The Desiderata of ASL

Go loudly amid the members of the ASLML, and remember how you get the shakes when you don't receive any email for 2 days.

As far as possible without surrender flame those assholes who dare to have an opinion other than yours. Speak your truth louder and more frequently than the other guy and don't bother listening to others; they are dull and ignorant and should be shot.

Become a loud and aggressive person; you'd be amazed at how often you'll get your way.

If you compare yourself to Mark Nixon, you will become vain and bitter, for he could kick your ass six ways to Friday. Rather, compare yourself to someone like Pete Shelling, who is so much easier to feel superior to.

Enjoy your crushing defeats as well as your hollow victories. Keep interested in what Eddie Zeman has to say, however humble; he's a real hoot in the changing fortunes of time.

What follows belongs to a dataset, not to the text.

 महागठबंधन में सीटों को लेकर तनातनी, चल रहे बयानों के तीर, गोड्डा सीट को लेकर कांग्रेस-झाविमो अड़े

Exercise caution when faced with IJA HIP, for those little yellow devils are full of trickery. But let this not blind you to that 8-inch spigot mortar up on the hill; many Marine squads will strive to hit the beach and everywhere along Red Beach 2, life is full of Heroes and 10-3 leaders.

Be Steve Pleva. Especially, go to the Wild West Fest and wipe the floor with those mangy Western scum. Neither be cynical about upcoming Critical Hit release dates; for in the face of missed deadlines, they are as perennial as the grass.

Take kindly the council of Sam Belcher, for he has refused to gracefully surrender the things of youth and apparently will be dragged kicking and screaming into the grave. Way to go, Sam.

Nurture the power of hypnosis to shield you in case the enemy starts rolling low. But do not distress yourself imagining that the other guy knows what he's doing; he's as clueless as you are.

Beyond a nagging feeling that you shouldn't be doing this, go ahead and stack move.

You are a child of the ASL universe, no less than John Hill and Bob Macnamara; you have a right to post anything you want on the ASLML until Paul issues an Admin Alert. And whether or not it is clear to you, no doubt you should be using more halfsquads than you are.

Therefore be at peace with the OBA rules, whatever you first thought them to be, and however else you see people storing their counters, keep peace with your Plano.

With all its sham, drudgery, and broken squads, it is still a beautiful game. Buy more ASL stuff. Strive to hide the purchase from your wife.